ENTRIES PROVIDED START
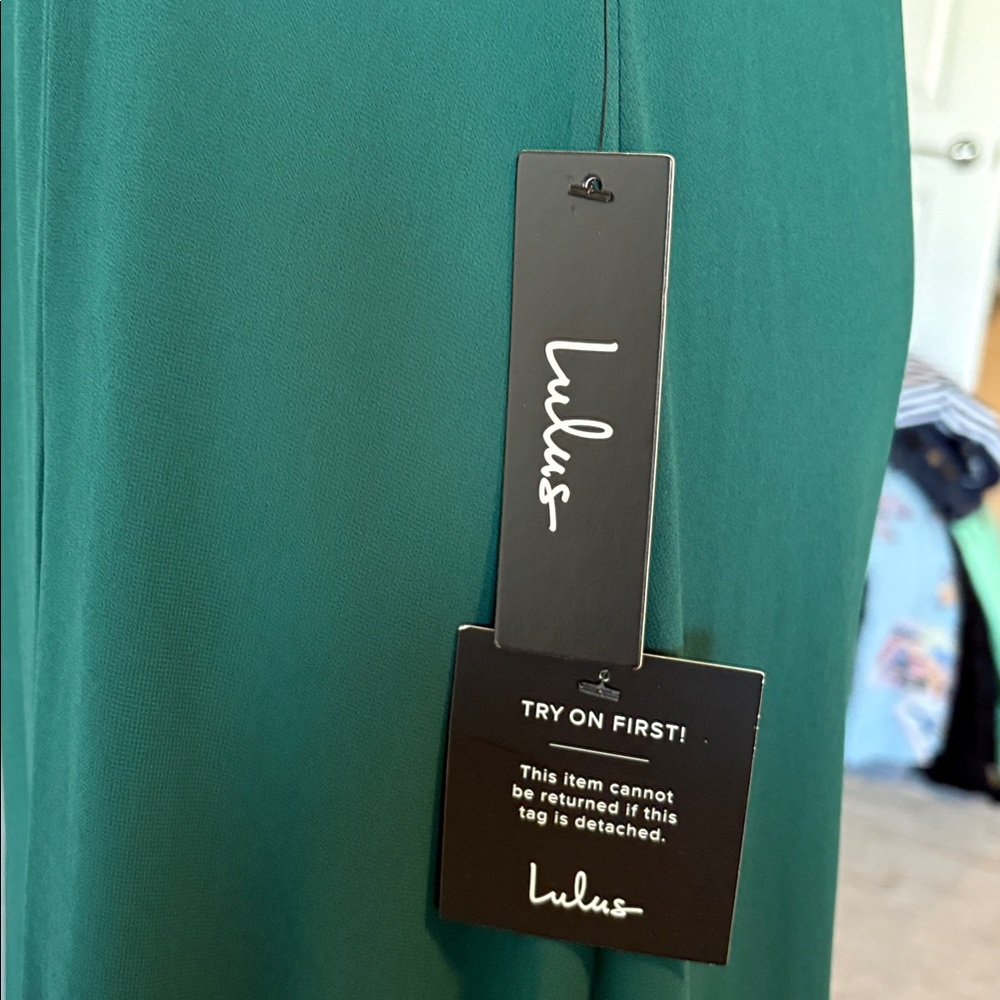 Lulus dress - Picture 8 of 11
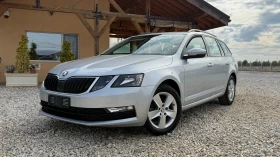 Обява за продажба на Skoda Octavia 1.6TDI-116ps-EURO 6B-NAVI-LED-НОВ ВНОС ОТ ИТАЛИЯ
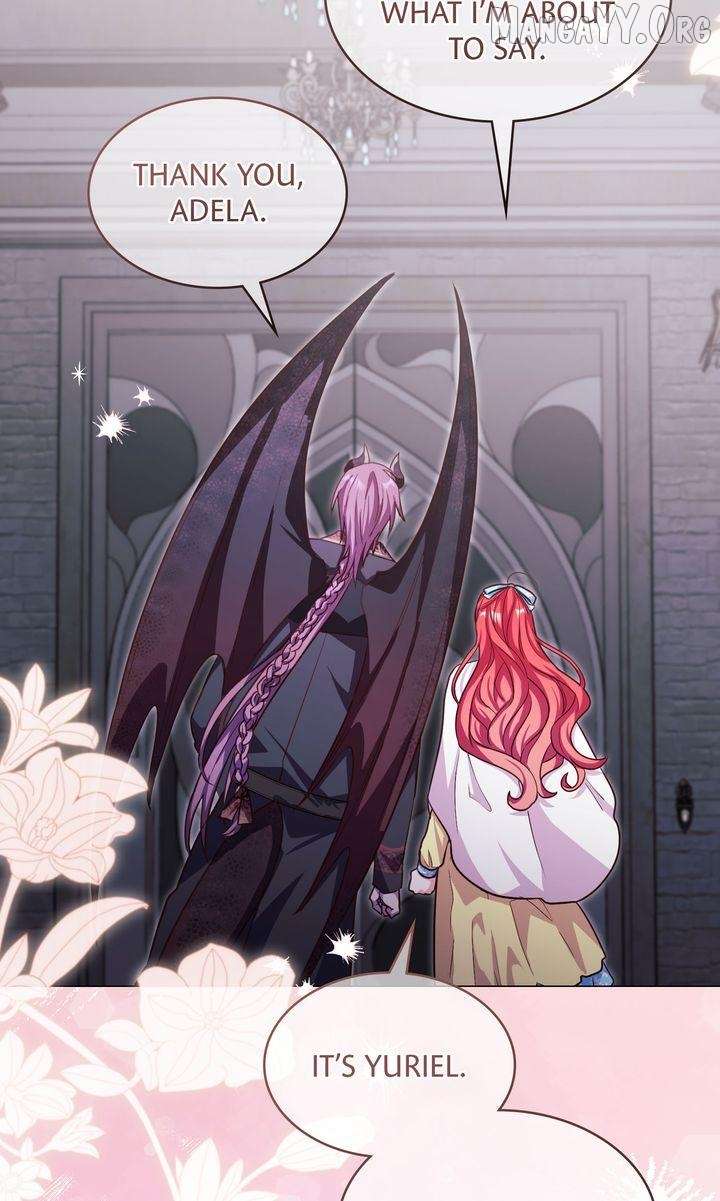 A happy ending without romance Chapter 37 - Page 82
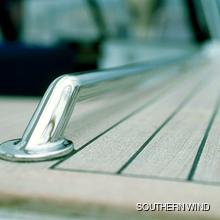 Southern Star Yacht 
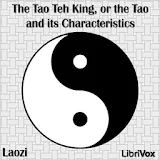 The Tao Teh King by Laozi icon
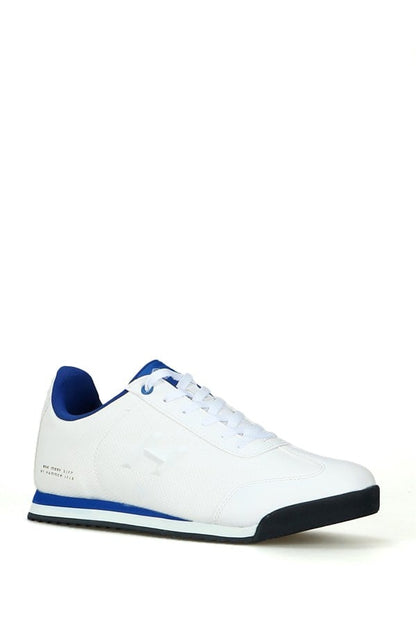 White Sax Men's Athletic Shoes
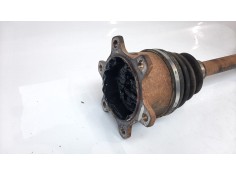 Recambio de transmision trasera izquierda para mitsubishi montero (v60/v70) 3.2 di-d cat referencia OEM IAM MR528647   2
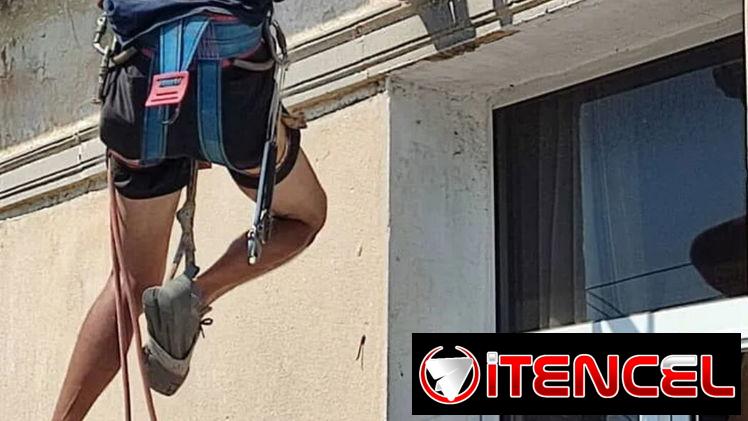 Desmontaje, montaje, mantenimiento, defectación y reparaciones de su Split. Garantía del trabajo realizado 52966031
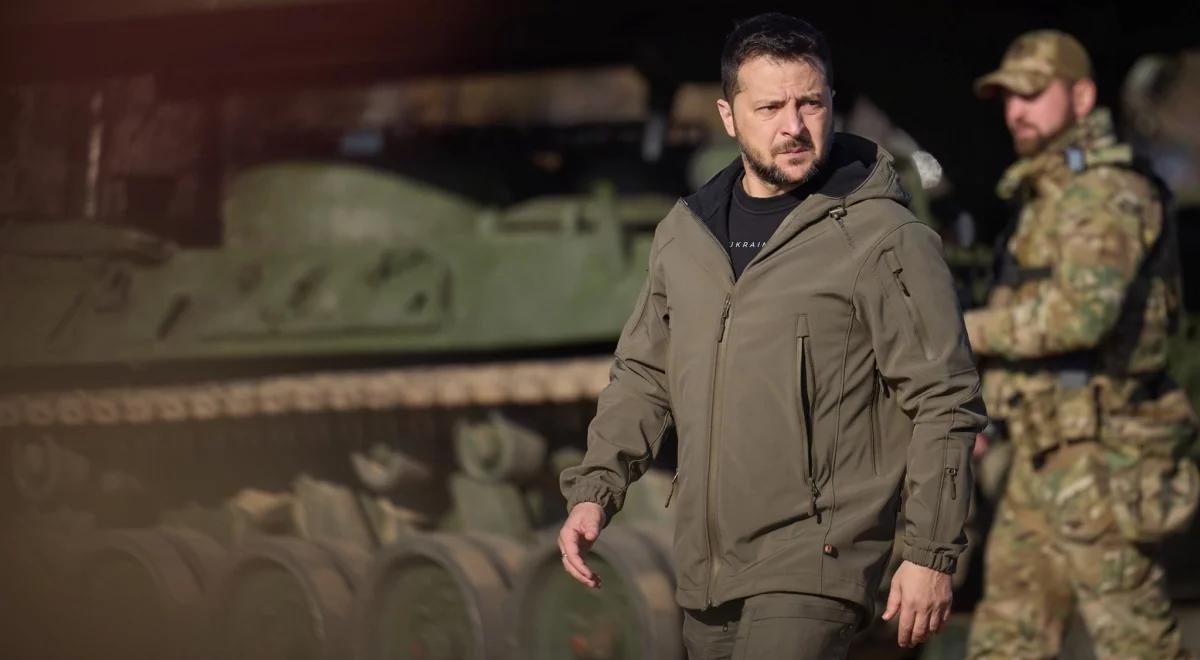 Najnowszy raport ISW. "Rosja podsyca nacjonalizm, by wbić klin między Ukrainę i jej sąsiadów"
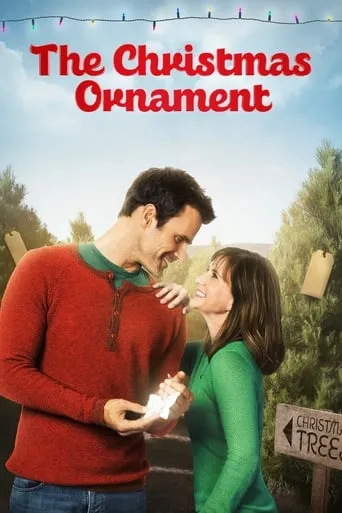 The Christmas Ornament movie poster - Rated 6.1/10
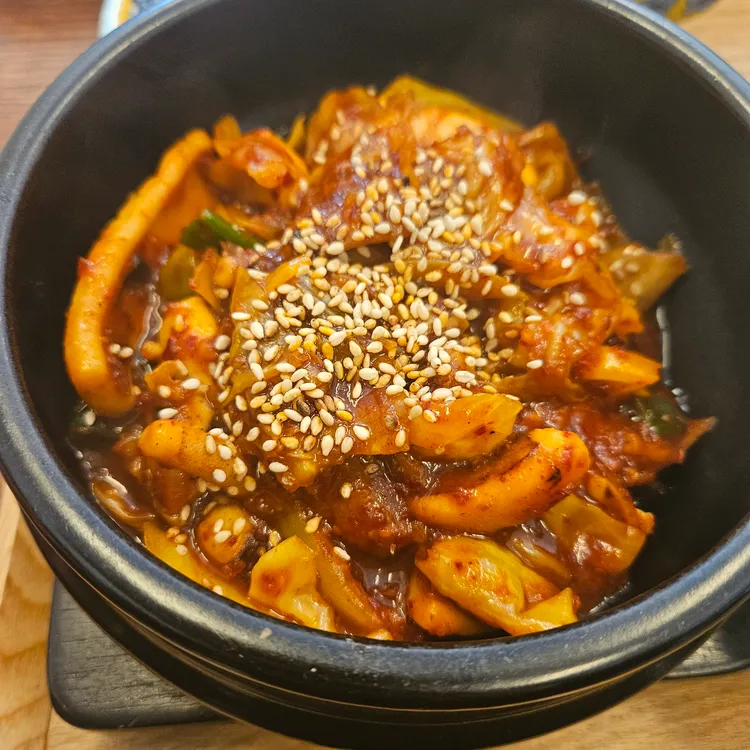 성수오징어 사진 2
ENTRIES PROVIDED END
*ACTION ITEM:*
Write out the entries word for word. Skip the pictures.

*RESULT:*
 Lulus dress - Picture 8 of 11
 Обява за продажба на Skoda Octavia 1.6TDI-116ps-EURO 6B-NAVI-LED-НОВ ВНОС ОТ ИТАЛИЯ
 A happy ending without romance Chapter 37 - Page 82
 Southern Star Yacht 
 The Tao Teh King by Laozi icon
 White Sax Men's Athletic Shoes
 Recambio de transmision trasera izquierda para mitsubishi montero (v60/v70) 3.2 di-d cat referencia OEM IAM MR528647   2
 Desmontaje, montaje, mantenimiento, defectación y reparaciones de su Split. Garantía del trabajo realizado 52966031
 Najnowszy raport ISW. "Rosja podsyca nacjonalizm, by wbić klin między Ukrainę i jej sąsiadów"
 The Christmas Ornament movie poster - Rated 6.1/10
 성수오징어 사진 2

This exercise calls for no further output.